The event featured Wesleyan students who do active research in Wesleyan’s Cognitive Development Lab, which is co-directed by Hilary Barth, assistant professor of psychology, assistant professor of neuroscience and behavior, and Anna Shusterman, assistant professor of psychology. The lab’s research projects explore how young children perceive, learn about and think about the world.
The conference was created so the students could actively collaborate with others who are doing similar scientific research.
“Ultimately science is a very human process, and doing research with human populations, as we do in psychology, is much more satisfying if it’s rooted in respect and friendship and excitement about learning from each other and sharing ideas,” says Shusterman, whose lab organized the conference.
Barth agrees, pointing out that introducing students to these types of gatherings has a variety of benefits.
“It’s important for students to see what is going on in other cognitive development labs,” Barth says. “Although we try to give them a sense of the big picture, I think it’s even more effective for them to hear firsthand about the variety of work being done.”
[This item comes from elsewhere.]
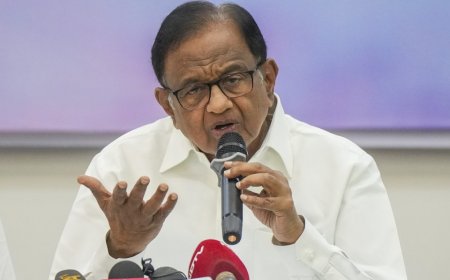 चिदंबरम का तंज: GST सुधार 8 साल देर से आया तोहफ़ा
The event took place on campus June 29 and began with presentations to a gathering of all the students by faculty members from the three institutions. Along with Wesleyan’s Cognitive Development lab, the students attending do research at Barnard College’s Language Acquisition and Development Research Laboratory and its Cognitive Development Center, as well as Wellesley’s Laboratory for Language and Development. The group included three Deaf students so ASL interpreters also were brought in for the day.
“Because we do research with cross-cultural and cross-linguistic populations, including signers, we place a great premium on building cultural awareness and exposing students to a wider array of people than the typical demographics of psychology researchers and study participants,” Shusterman says.
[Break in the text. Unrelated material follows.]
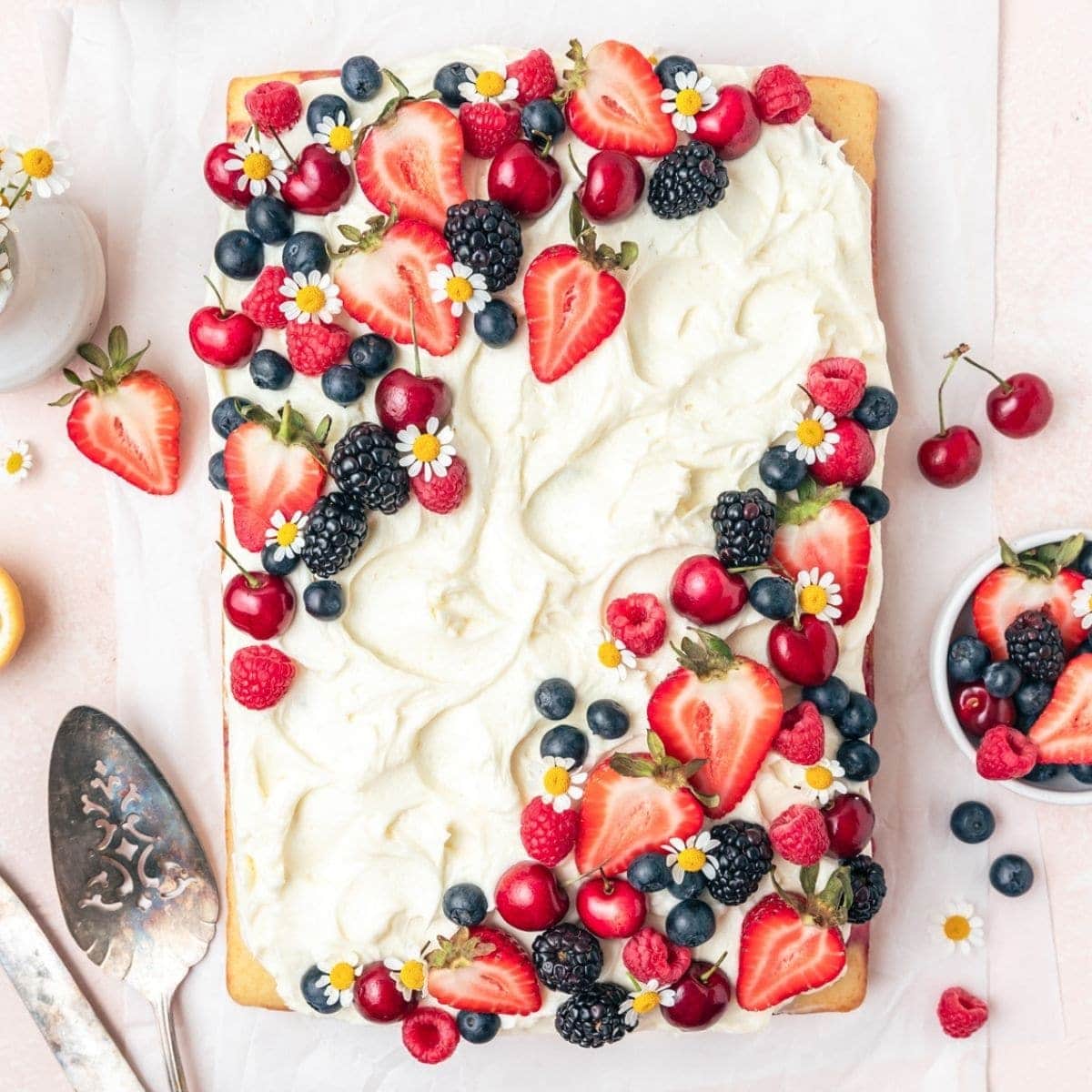 roasted berry poke cake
The faculty and students then attended a lecture titled “What the study of sign languages can tell us about the relationship between spatial language and spatial cognition,” which was sponsored by the Hughes Summer Research Program and featured Jennie Pyers, assistant professor of psychology at Wellesley College. Pyers is also a frequent collaborator with Shusterman. Afterwards, the students reconvened and made short presentations to smaller groups.
“It was a great step for future collaboration between labs,” says Isaiah Sypher ’13, who is doing research that tests children’s ability to apply a newly learned number-word in different contexts. “It exposed us to different projects being undertaken in the field of cognitive development. For me, the biggest takeaway was learning how to talk about the research that we’re currently working on in a very succinct manner, and also how to ask critical questions.”
It also put some of the work they are doing into a larger perspective.
“It was really valuable to get a better sense of how our projects fit into cognitive development research as a whole, and to learn how our studies relate to other research being conducted,” says Rebecca Lange ’13, who is investigating number development in Deaf and hard of hearing children versus the same development in hearing children. “It was great to get the opportunity to talk about and explain our research to people who were unfamiliar with it. Hearing the professors talk about research was a great model for how to do that well.”
Barth believes that such conferences expose students to an important, and often over-looked research reality.
“Psychological science, or any science, is a highly social and collaborative enterprise, with a lot of important ideas being generated through interaction at conferences and informal meetings,” she says. “It’s good for the students to see that, and get a little bit of the conference experience even at the undergraduate level.”
Along with Sypher and Lange, other Wesleyan students doing research in the Cognitive Development Lab this summer include: Taylor Deloach ‘13, Emilie George ‘13, Alexander Hoyle ‘13, Laura Machlin ’13 and Rachel Santiago ’12. Lab coordinators Talia Berkowitz and Elizabeth Chase also participated.